An article at UX Matters titled "Usability Testing Versus Expert Reviews" takes a reader question and tosses it to a series of experts to answer:
Under what circumstances is it more appropriate to do usability testing versus an expert review? What are the benefits and weaknesses of each method that make one or the other more appropriate in different situations?
The experts ultimately all came up with similar answers — do both. Start with the expert review to take care of low-hanging fruit and then bring users in for the testing phase to catch the issues that trip them up. Some quotes:
Expert reviews are especially useful for finding violations of usability standards and best practices. These are often obvious problems that may or may not cause problems during usability testing.
Before doing usability testing, it is helpful to do at least an informal expert review to determine what to focus on during testing.
I recommend always doing both. Expert reviews that are performed by specialists, using standards and heuristics, reveal easy-to-catch usability problems in a very cost-efficient way.

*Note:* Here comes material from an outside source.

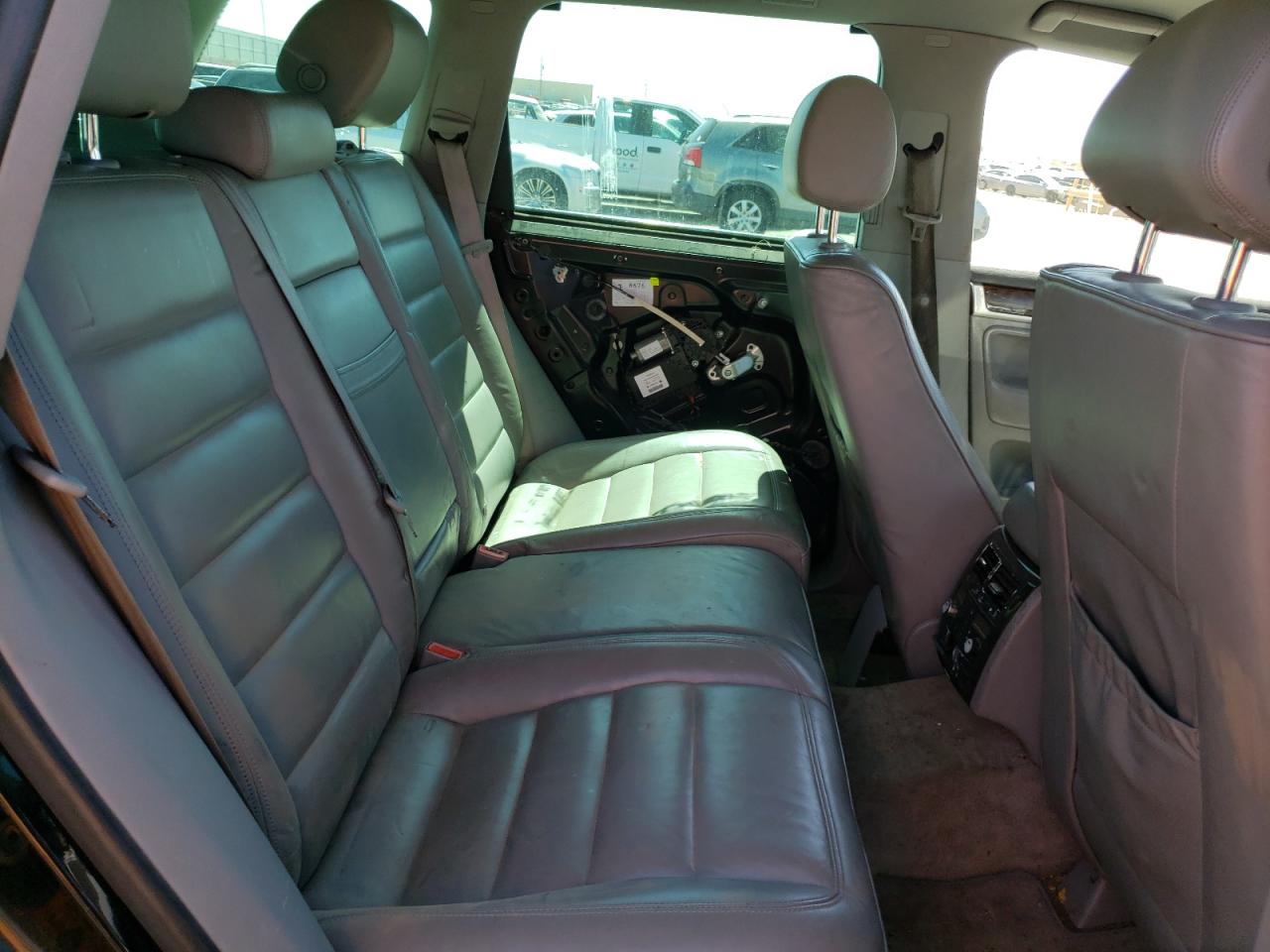Photo 6 from auction – 2004 VOLKSWAGEN TOUAREG with VIN WVGEM77L44D051448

While usability testing is more powerful than expert review, both methods in combination are great, because you first want to discover the low-hanging fruit and get them out of the way.
We need to remember that expert review is a user-free method. Regardless of the evaluators' skill and experience, they remain surrogate users—expert evaluators who emulate users—and not typical users. The results of expert review are not actual, primary user data and should lead to—not replace—user research.
There aren't any real surprises here, but it's interesting to see the different approaches suggested by each expert.